» **How to complete this task**:
Return every record verbatim, omitting all pictures.

[Information — start]

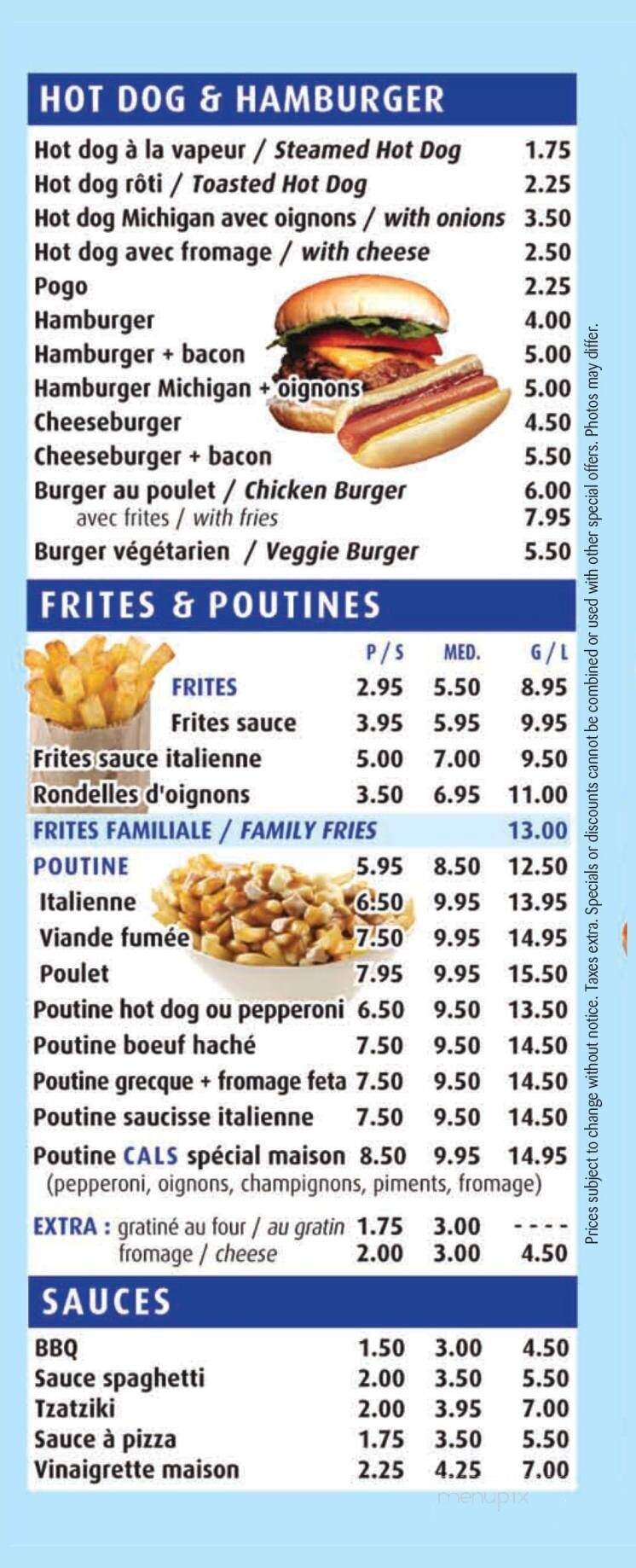 Cal's Pizza - Val-Morin, QC menu_pic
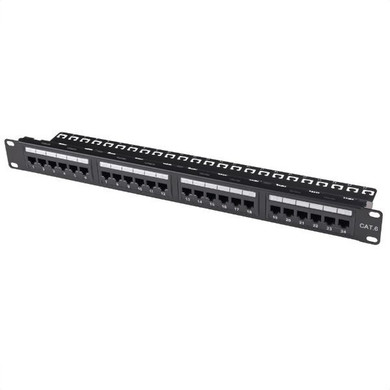 DYNAMIX 24 Port 19'' Cat6 UTP Patch Panel with plastic labelling kit. Rear Support Bar. T568A & T568B Wiring. Dual 110/Krone IDC.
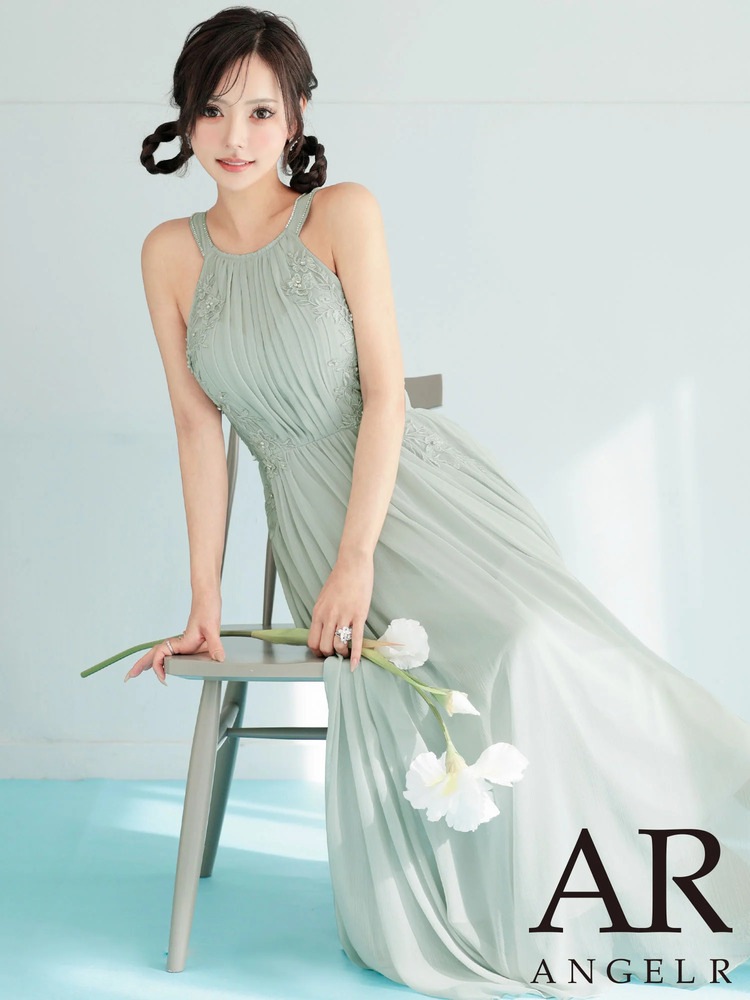 予約(1月中旬～1月下旬入荷予定)【AngelR】4color ホルターネック プリーツ フラワーレース ビジュー フレア ロングドレス AR26807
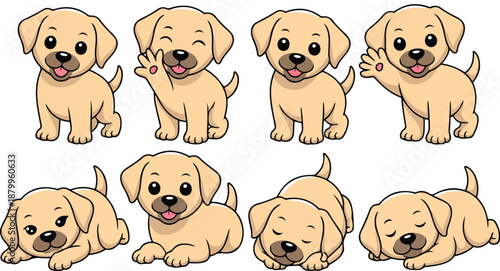 Cute Baby Puppy Dog Cartoon Mascot Vector Set  8 Funny Poses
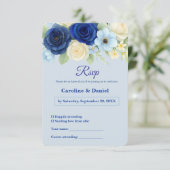 ネイビー王室のブ結婚ーの水彩アイボリー花 出欠カード (スタンド正面)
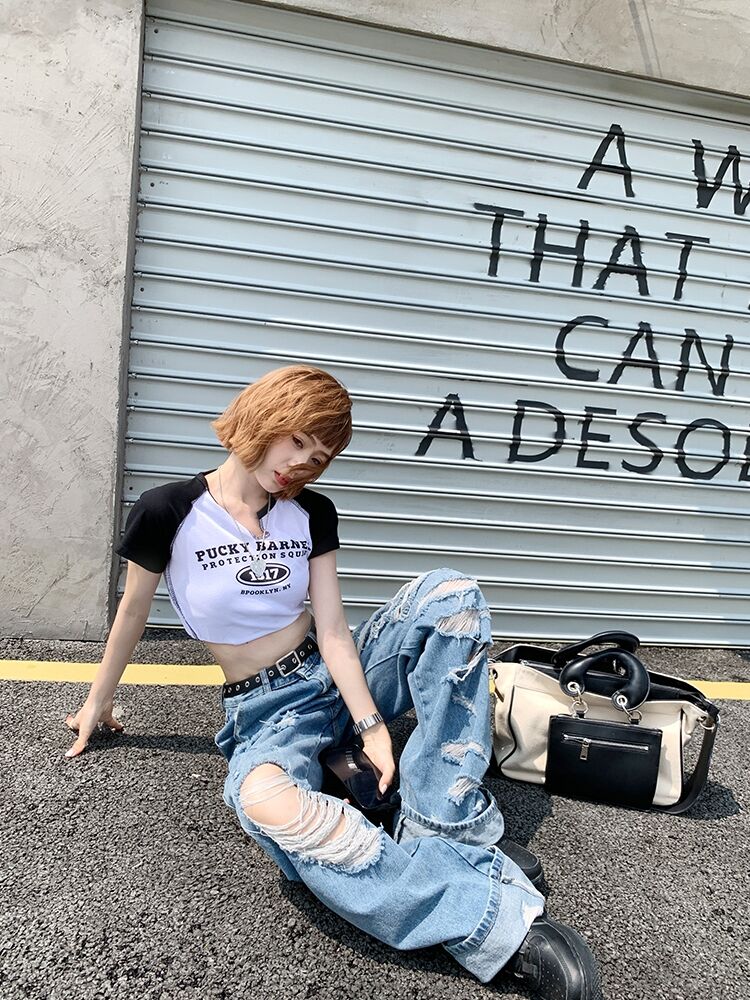 Blue Ripped High Waist Jeans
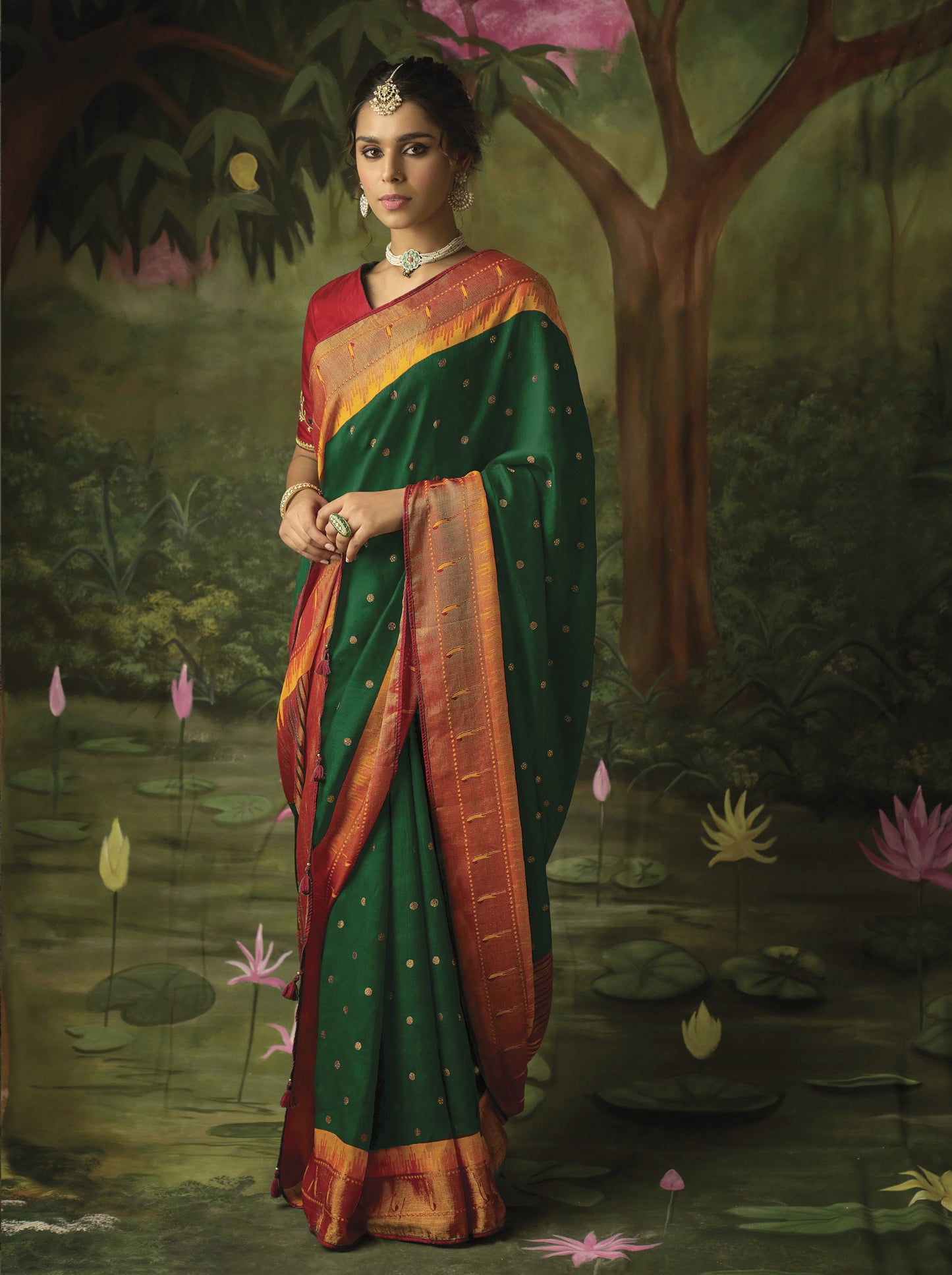 Emerald Green Paithani Saree With Embroidered Blouse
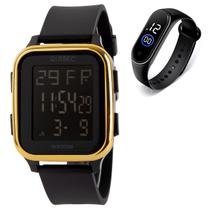 Relógio Masculino Digital DG009 - Preto e Dourado + Relógio M4 - QUEBEC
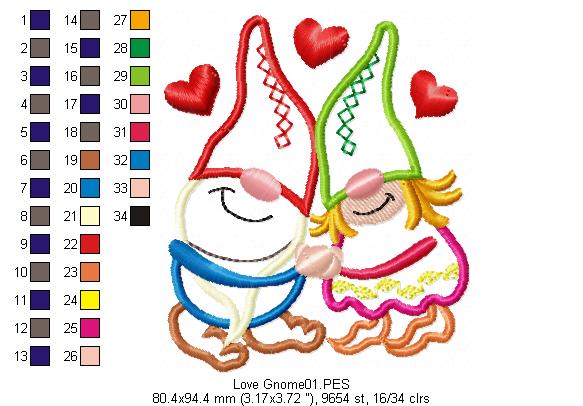 Love Gnomes - Applique - Machine Embroidery Design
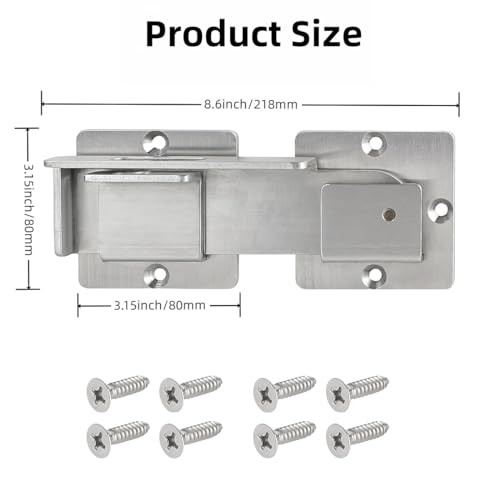 Flip Gate Latch with Padlock Hole,gate Latch for Fence, Heavy Duty Double gate Latch for Wooden Fence,Swing and Sliding Open Gate,Barn Door, Shed, Vinyl Fence, Yard - color: Silver (1 Pcs)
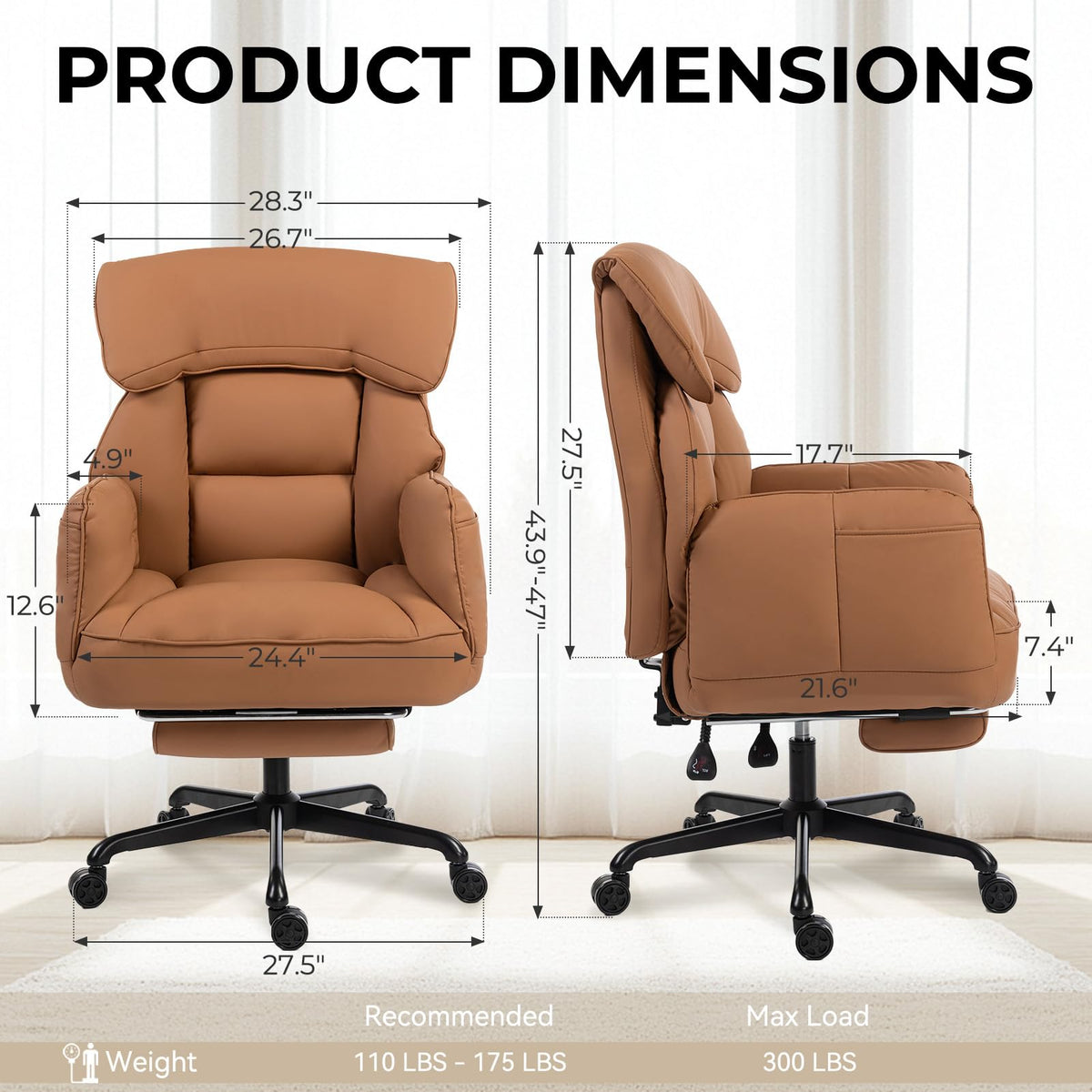 Brown Cross Legged Office Chair with Footrest and Metal Base J283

[Information — finish]

» **Problem solution**:
 Cal's Pizza - Val-Morin, QC menu_pic
 DYNAMIX 24 Port 19'' Cat6 UTP Patch Panel with plastic labelling kit. Rear Support Bar. T568A & T568B Wiring. Dual 110/Krone IDC.
 予約(1月中旬～1月下旬入荷予定)【AngelR】4color ホルターネック プリーツ フラワーレース ビジュー フレア ロングドレス AR26807
 Cute Baby Puppy Dog Cartoon Mascot Vector Set  8 Funny Poses
 ネイビー王室のブ結婚ーの水彩アイボリー花 出欠カード (スタンド正面)
 Blue Ripped High Waist Jeans
 Emerald Green Paithani Saree With Embroidered Blouse
 Relógio Masculino Digital DG009 - Preto e Dourado + Relógio M4 - QUEBEC
 Love Gnomes - Applique - Machine Embroidery Design
 Flip Gate Latch with Padlock Hole,gate Latch for Fence, Heavy Duty Double gate Latch for Wooden Fence,Swing and Sliding Open Gate,Barn Door, Shed, Vinyl Fence, Yard - color: Silver (1 Pcs)
 Brown Cross Legged Office Chair with Footrest and Metal Base J283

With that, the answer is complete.